One challenge for me with co-oping is my sense of children older than my children. But I made some head-way today. When Manny was three at this nursery school, the four and five year olds were very intimidating to me. Their familiarity with the school routine, I took as precociousness. Their confidence with potty-training seemed downright arrogant. And then the alliances, all the switching up and the frequent play-dating, made me feel in over my head! When it was all I could do do leave my house with my child, let alone entrust others with him, the thought of all these other things was very difficult for me.

I asked the teacher of the older girls, who was nearest to them, to help me. I said, "I can't figure out the dynamic. I feel anxious for my girl. Will you help me? " I am proud of the ability to do this. This is not a normal pattern of mine but I was not getting a good vibe and I wanted to hesitate from just intervening and accusing these girls of anything. The teacher kept an eye on things and reported, "Clara said that she was feeling included in the game. But she knows I'm right here if she needs help." Later in the afternoon, at home, Clara said, "I was the cousin." My heart sank. The "cousin." The pecking order was that these older girls did not deem Clara worthy enough to be in their nuclear family of play. They were trying to dominate her and subjugate her. My mind spun, "Those little. . . !" but then I looked at my girl. She was not phased by this role. She was happy to be the cousin.

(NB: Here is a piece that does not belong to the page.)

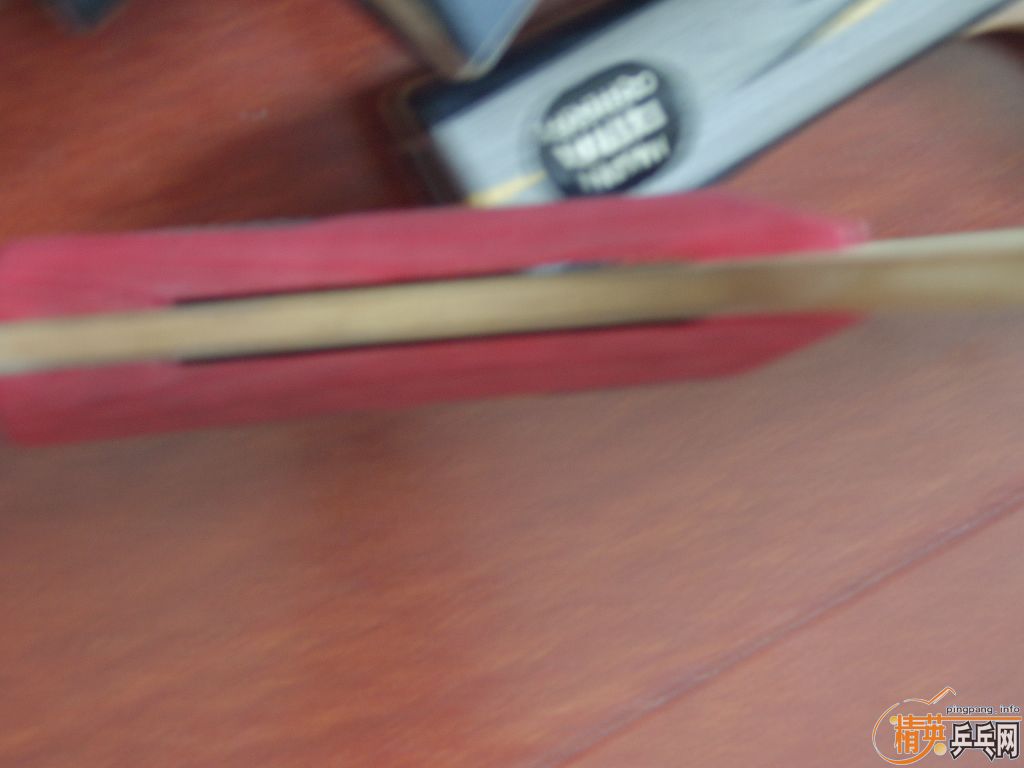 ���˳�����Ķ������ľFL(֧��֧������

This reminded me of Hersheypark circa 1992. My friends and I are in the recording studio at HP. For something like 25 bucks, you can record a song and take home 5 copies of it. Our natural choice was "More Than Words" by Xtreme. There we were belting out this ballad and our ring leader gestures for me to step back from the microphone. I can still remember it. I remember her telling me to step back, and I remember immediately doing so. And not thinking twice about it. And not being miffed in the least. To this day, I still love that song. (And would be happy to perform it for you.) I paid my share of the recording cost, got my tape, even though, I was relegated to step back like that. I think I was like, "Yeah, I'm here, I'm happy to be singing, to be sharing in this experience." And I think this is how it was for Clara playing the role of the "cousin." I think she was happy to be part of the game and not plussed by her status in it either way.

Why do I so quickly assign a value or a status to every game she's playing at school? Or every activity obsess that she is not triumphing, not excelling, not kicking the collective ass of her developmental age group? Why do I do that?

What I want it to boil down to is this: I want her to find her way, to have fun, to pick up a little knowledge in life and as her teacher said, "know that [someone trustworthy and safe] is right there if she needs help along the way." If I think back to the hands-down, bar-none best moments of friendship in my childhood all one needs is fairly simple: someone who you find repeatedly sitting beside you when you are not even aware. Someone who you helps you recover something you lost. Someone who walks with you to the school nurse. Someone who makes you little gifts out of wire or buttons.